Starting today, we kick off the Uhuru Data Lab (UDL) blog with this first post. After some exciting data crunching, we present our approach to the recently concluded competition Coupon Purchase Prediction by leading coupon site, Recruit ポンパレ (Ponpare).
The competition asked teams to use 1 year of past purchase and browsing data of 22,000 users of Ponpare to predict which coupons a user will purchase over the next week. We present a simple gradient boosted decision tree model which gives a score of 0.0072 on the Leaderboard.
Overview, cleaning the data and evaluation metric:
In any real dataset cleaning is the first step. Understand the files through Entity Relationship Diagrams, make basic statistics and study basic characteristics.
Understanding the data :
In this case we had coupon purchase and view logs of 22873 users from 01-07-2011 to 23-06-2012. In total they viewed 32628 coupons on their website in this period.

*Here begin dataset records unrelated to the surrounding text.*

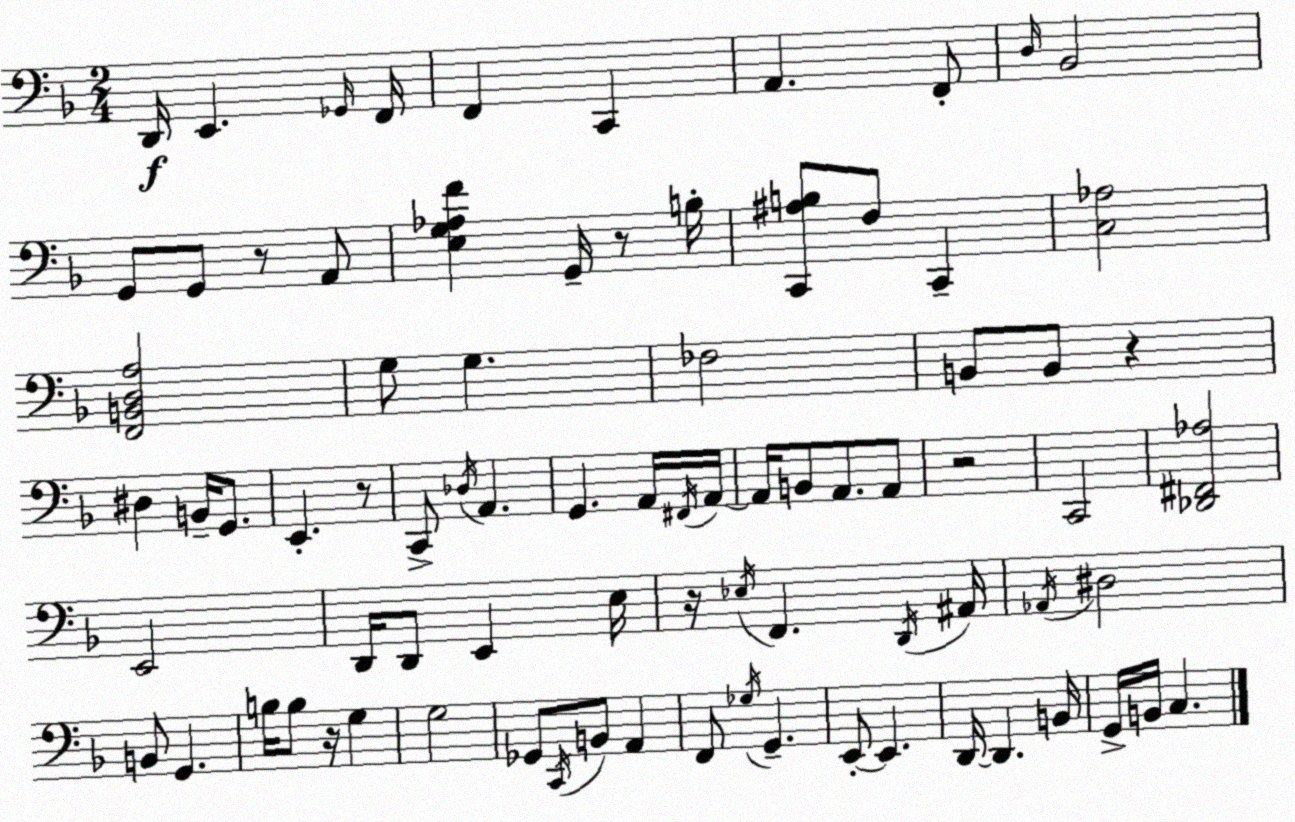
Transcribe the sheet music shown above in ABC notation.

X:1
T:Untitled
M:2/4
L:1/4
K:Dm
D,,/4 E,, _G,,/4 F,,/4 F,, C,, A,, F,,/2 D,/4 _B,,2 G,,/2 G,,/2 z/2 A,,/2 [E,G,_A,F] G,,/4 z/2 B,/4 [C,,^A,B,]/2 F,/2 C,, [C,_A,]2 [F,,B,,D,A,]2 G,/2 G, _F,2 B,,/2 B,,/2 z ^D, B,,/4 G,,/2 E,, z/2 C,,/2 _D,/4 A,, G,, A,,/4 ^F,,/4 A,,/4 A,,/4 B,,/2 A,,/2 A,,/2 z2 C,,2 [_D,,^F,,_A,]2 E,,2 D,,/4 D,,/2 E,, E,/4 z/4 _E,/4 F,, D,,/4 ^A,,/4 _A,,/4 ^D,2 B,,/2 G,, B,/4 B,/2 z/4 G, G,2 _G,,/2 C,,/4 B,,/2 A,, F,,/2 _G,/4 G,, E,,/2 E,, D,,/4 D,, B,,/4 G,,/4 B,,/4 C,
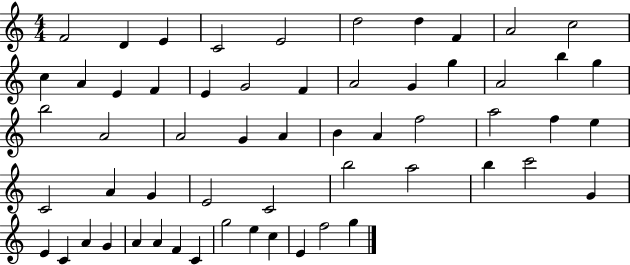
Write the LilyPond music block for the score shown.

{
  \clef treble
  \numericTimeSignature
  \time 4/4
  \key c \major
  f'2 d'4 e'4 | c'2 e'2 | d''2 d''4 f'4 | a'2 c''2 | \break c''4 a'4 e'4 f'4 | e'4 g'2 f'4 | a'2 g'4 g''4 | a'2 b''4 g''4 | \break b''2 a'2 | a'2 g'4 a'4 | b'4 a'4 f''2 | a''2 f''4 e''4 | \break c'2 a'4 g'4 | e'2 c'2 | b''2 a''2 | b''4 c'''2 g'4 | \break e'4 c'4 a'4 g'4 | a'4 a'4 f'4 c'4 | g''2 e''4 c''4 | e'4 f''2 g''4 | \break \bar "|."
}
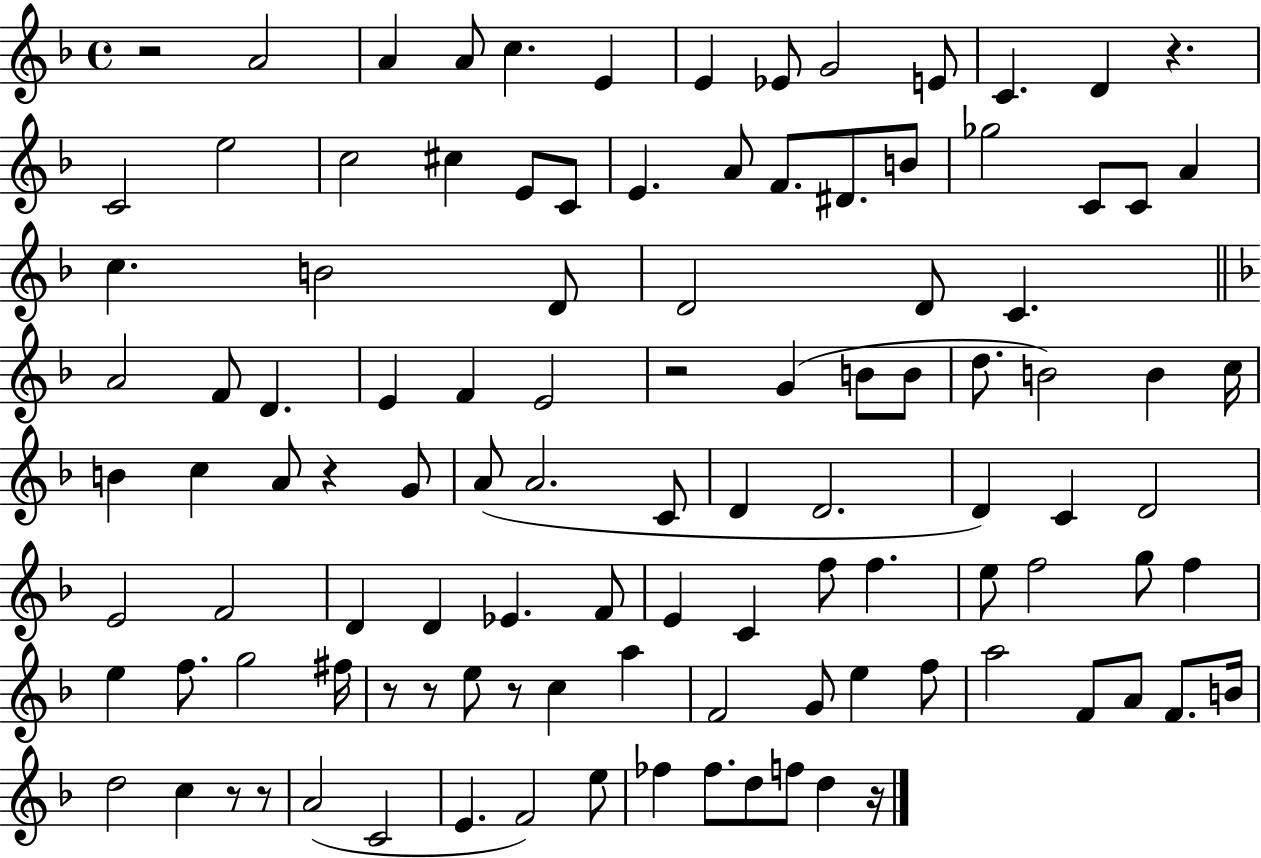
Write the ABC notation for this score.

X:1
T:Untitled
M:4/4
L:1/4
K:F
z2 A2 A A/2 c E E _E/2 G2 E/2 C D z C2 e2 c2 ^c E/2 C/2 E A/2 F/2 ^D/2 B/2 _g2 C/2 C/2 A c B2 D/2 D2 D/2 C A2 F/2 D E F E2 z2 G B/2 B/2 d/2 B2 B c/4 B c A/2 z G/2 A/2 A2 C/2 D D2 D C D2 E2 F2 D D _E F/2 E C f/2 f e/2 f2 g/2 f e f/2 g2 ^f/4 z/2 z/2 e/2 z/2 c a F2 G/2 e f/2 a2 F/2 A/2 F/2 B/4 d2 c z/2 z/2 A2 C2 E F2 e/2 _f _f/2 d/2 f/2 d z/4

But of these there are only 19413 coupons whose attributes like price rate, discount price, usable dates, shop location etc have been provided. We consider these as the training set coupons. Prediction is to be made over 310 new coupons over the next week ( 24-06-2012 to 30-06-2012 ) whose attributes have also been provided. The challenge is to predict: which of these 310 coupons will be purchased by the 22873 users? Past browsing data of users contains attributes like view date, user id, purchase flag, session id, viewed coupon id etc. There is also data about user age, gender, prefecture and registration/withdrawal date.
It seems it is possible to purchase coupons without any views. We assumed that each of those purchases has 1 view at exactly the same date and time the purchase occurred.
The map@10 metric:
The evaluation metric employed was Mean Average Precision@10. A good explanation of this metric can be found here. W.r.t this metric, for each user only the top 10 coupon predictions matter. Also, the order of predictions matters. We observed from the data that most of the coupon purchasers in a week only view ≤ 10 coupons in that week.

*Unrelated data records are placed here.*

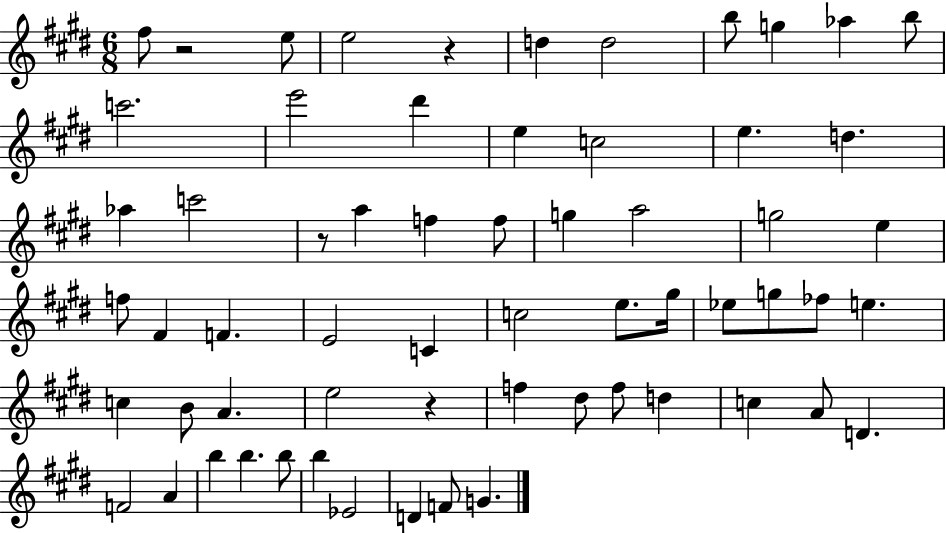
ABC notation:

X:1
T:Untitled
M:6/8
L:1/4
K:E
^f/2 z2 e/2 e2 z d d2 b/2 g _a b/2 c'2 e'2 ^d' e c2 e d _a c'2 z/2 a f f/2 g a2 g2 e f/2 ^F F E2 C c2 e/2 ^g/4 _e/2 g/2 _f/2 e c B/2 A e2 z f ^d/2 f/2 d c A/2 D F2 A b b b/2 b _E2 D F/2 G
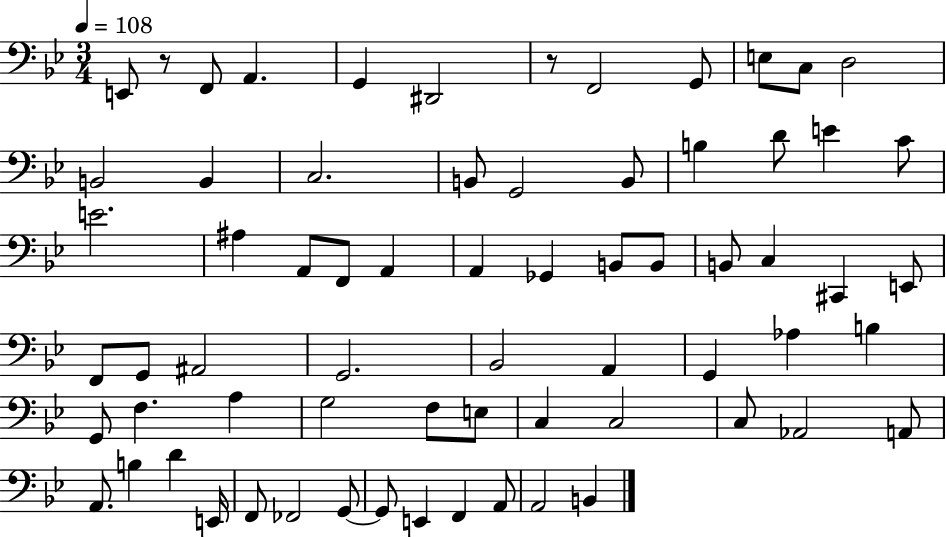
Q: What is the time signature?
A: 3/4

Obviously the number of viewers and views are much more than the number of purchasers and purchases. For obtaining a balanced training data/reducing sparsity (as we explain later) we changed the problem statement and predicted just views instead of purchases. Interestingly, Leaderboard score obtained was sufficient to get into top 40.

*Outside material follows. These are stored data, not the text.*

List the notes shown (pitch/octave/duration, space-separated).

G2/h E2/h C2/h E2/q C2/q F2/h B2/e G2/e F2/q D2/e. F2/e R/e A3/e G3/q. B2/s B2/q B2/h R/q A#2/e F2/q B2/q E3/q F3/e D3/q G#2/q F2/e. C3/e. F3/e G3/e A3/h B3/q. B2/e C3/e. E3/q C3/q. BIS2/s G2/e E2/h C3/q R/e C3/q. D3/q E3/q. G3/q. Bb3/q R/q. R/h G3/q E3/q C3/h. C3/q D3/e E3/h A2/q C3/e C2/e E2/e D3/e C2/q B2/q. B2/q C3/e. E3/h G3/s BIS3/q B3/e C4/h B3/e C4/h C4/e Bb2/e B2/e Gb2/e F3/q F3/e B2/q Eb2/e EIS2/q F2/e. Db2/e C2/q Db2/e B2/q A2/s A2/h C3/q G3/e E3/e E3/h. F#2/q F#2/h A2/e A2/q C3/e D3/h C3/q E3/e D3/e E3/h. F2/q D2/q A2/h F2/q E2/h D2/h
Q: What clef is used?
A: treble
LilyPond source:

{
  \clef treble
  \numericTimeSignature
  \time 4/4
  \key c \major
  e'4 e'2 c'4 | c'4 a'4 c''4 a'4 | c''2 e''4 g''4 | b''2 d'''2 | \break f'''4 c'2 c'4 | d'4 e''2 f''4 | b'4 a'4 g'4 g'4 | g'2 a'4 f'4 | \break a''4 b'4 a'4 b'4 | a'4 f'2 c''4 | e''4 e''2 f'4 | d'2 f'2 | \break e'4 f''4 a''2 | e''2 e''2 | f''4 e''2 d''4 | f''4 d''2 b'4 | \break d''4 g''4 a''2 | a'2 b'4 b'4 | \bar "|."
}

The ideas and the XGBoost model:
The problem is essentially that of cold-start item recommendation with user and item attributes both present. User attributes can be extracted from his/her past weblog. Coupon attributes are given.
XGBoost GBDT model:
The XGBoost gradient boosted decision tree model was used.
- Training set: For the previous week, make pairs of viewers (of coupons in that week) and coupons (released in that week).
- The target variable is 1 if a user-coupon pair corresponds to a view else 0.
- To balance the training set, randomly select 13 coupons for each viewer and include all coupons with target 1. This gives an approx. 30:70 ratio of target variable.
- Train using AUC metric and make predictions on all the user-coupon pairs of the next week. For each user consider only 10 coupons with highest predicted probability as the recommended coupons.
- (optional) Make several training datasets in step 3, train and average predictions in step 4 (We made 17 such models).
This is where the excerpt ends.